The problem: Before printing the listing, strip out its pictures and keep everything else exact.

Information supplied:
'''
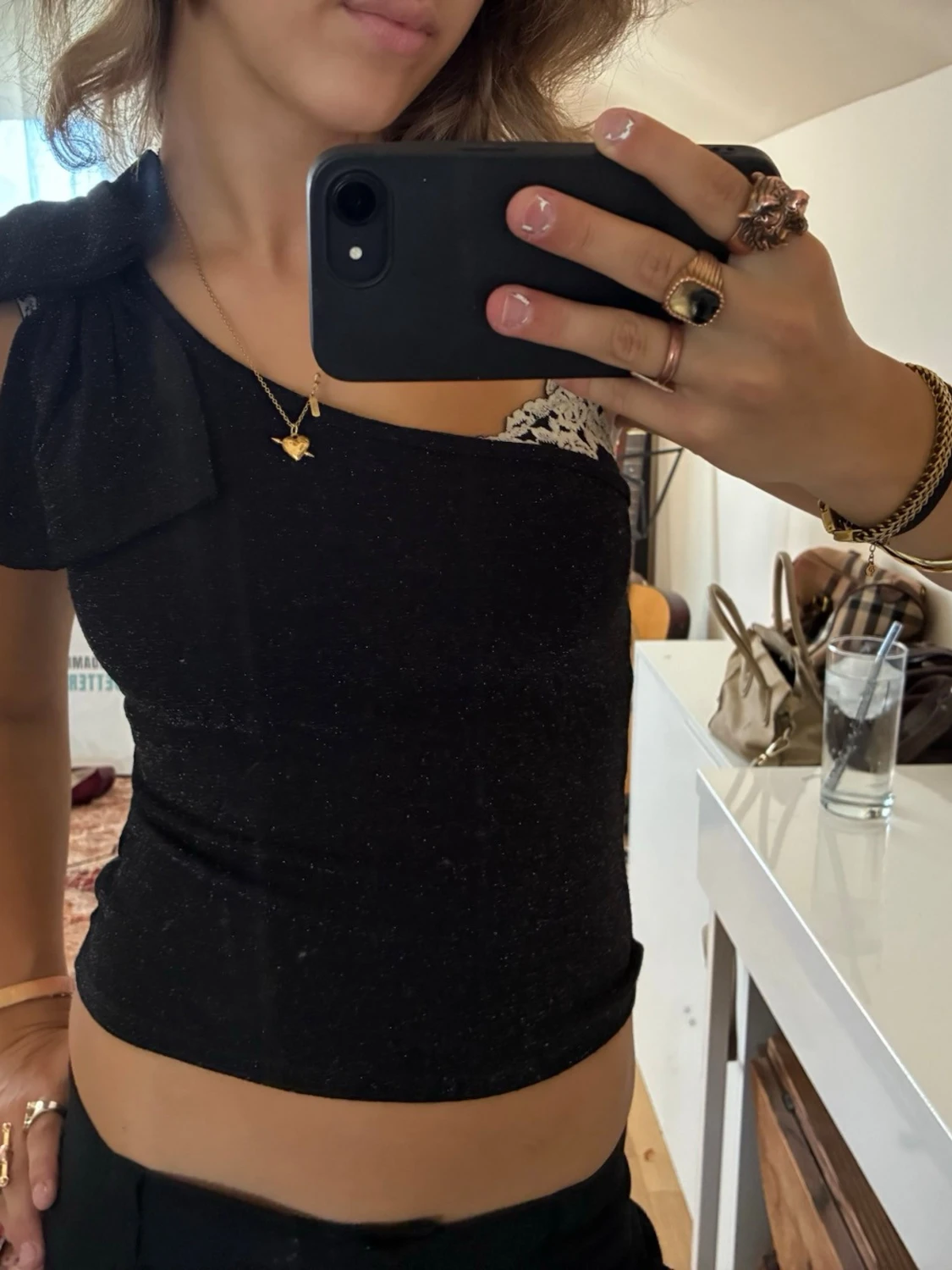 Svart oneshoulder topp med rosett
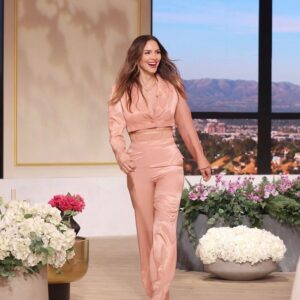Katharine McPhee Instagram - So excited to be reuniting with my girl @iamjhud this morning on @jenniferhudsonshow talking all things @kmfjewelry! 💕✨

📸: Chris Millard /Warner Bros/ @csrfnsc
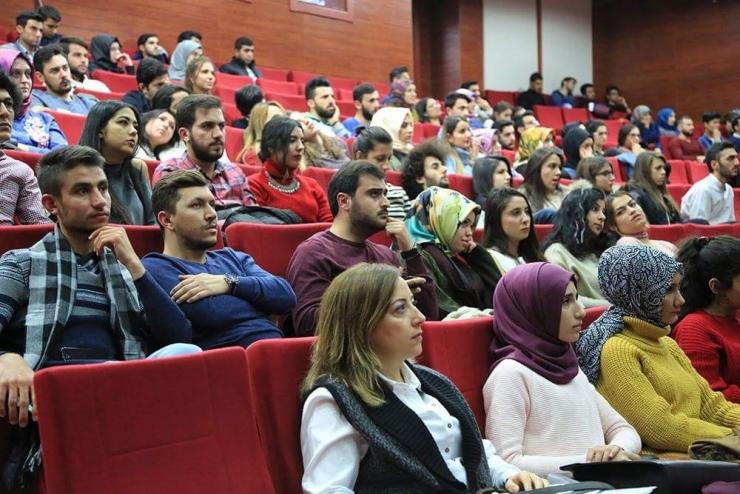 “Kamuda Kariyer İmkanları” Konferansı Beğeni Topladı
'''
Response to this task:
 Svart oneshoulder topp med rosett
Katharine McPhee Instagram - So excited to be reuniting with my girl @iamjhud this morning on @jenniferhudsonshow talking all things @kmfjewelry! 💕✨

📸: Chris Millard /Warner Bros/ @csrfnsc
 “Kamuda Kariyer İmkanları” Konferansı Beğeni Topladı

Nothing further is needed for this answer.